Today’s
Bible Gateway Verse
A new command I give you:
Love one another. As I have loved you, so you must love one another. By this
everyone will know that you are my disciples, if you love one another.
—John 13:34-35 (NIV)
Love one another. It is
not a suggestion. It is a command, and it is new because the One who has just
spoken it is about to reveal its depth by giving His life. Not ever in the history
of time has someone loved to this degree. Not ever before has a person, who has
no sin, taken on the sin of the world out of the purest of love and given His
life unconditionally. So this kind of love has never before been demonstrated. It
is a new command because Jesus has prepared himself to offer it. Just before
speaking this new command he has washed the disciples’ feet and revealed the one
who will betray him and the one who will deny Him. He has made himself less,
and then has revealed the human greed and deception living in human hearts. He
knows they don’t get it. Gethsemane waits where the disciples will sleep, and Calvary
waits for Him alone. And there mercy and grace with flow from the Savior who
has just said, “Love as I have loved you.”
As He has loved us, we
are also to love so everyone will know that we are His disciples—that we belong
to Him. But what has happened to the mercy and grace that flowed at Calvary?

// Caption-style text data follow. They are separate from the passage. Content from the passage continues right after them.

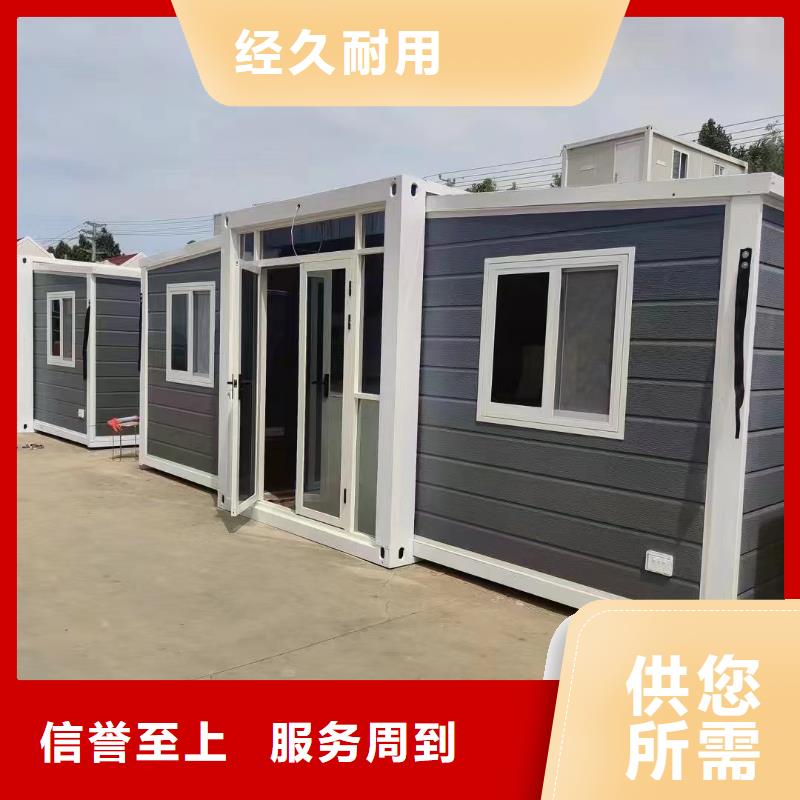 折叠房屋导轨文件柜厂家货源稳定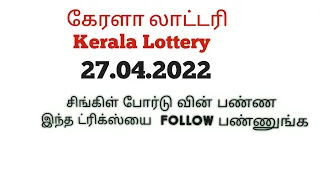 Kerala Lottery Tricks |27.04.2022|Kl king star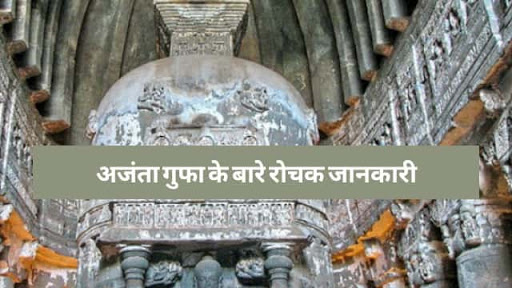 Ajanta caves history in hindi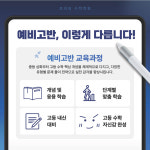 와이프라임수학학원 | 프라임수학학원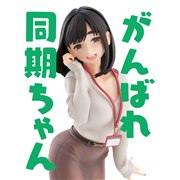 ユニオンクリエイティブインターナショナル がんばれ 同期ちゃん 後輩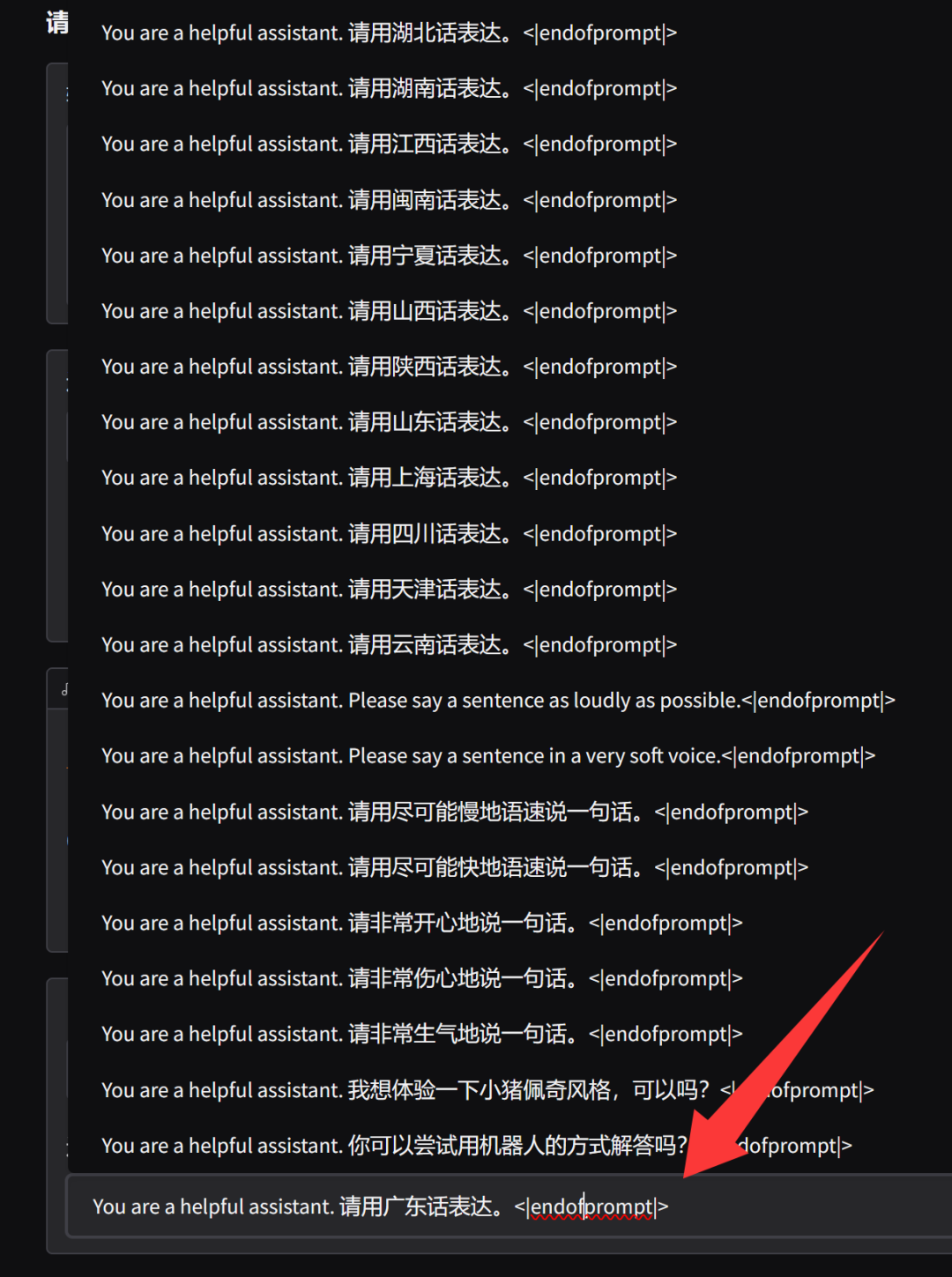 CosyVoice3一键包，3秒完美复刻声音！ 配图 6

Has it really changed us? We say we
love. We say the words. Yet so often we do as the world and bicker and argue
among ourselves and find fault and hold grudges and judge. The new command that
He confirmed—by giving up any “rights” and offering His life—has not
transformed and renewed. We have not been renewed by the Holy Spirit in the
spirit of our mind. We have not allowed the love of Calvary to transform us to its
greatest depth and in its greatest purpose. We have not allowed it to set us
free from self. And if we think “that’s not me”, remember that wasn’t Peter
either.
This is a daily offering—laying
down of self, and allowing Jesus to transform and renew. Self was crucified on
Calvary. A new command was given—that we are to love as he has loved us. Allow
the love that put you first on Calvary, to renew and fill your heart with His
love and not your own. Human love is fickle, but His loves beyond
measure—beyond fault—beyond “rights”. It
is the purest mercy and the unstoppable grace that conquers self. Cry out in
surrender, just as Peter, “Not just my feet, Lord, but wash all of me.” The
love of Calvary can’t be measured, but it can change our hearts and be lived.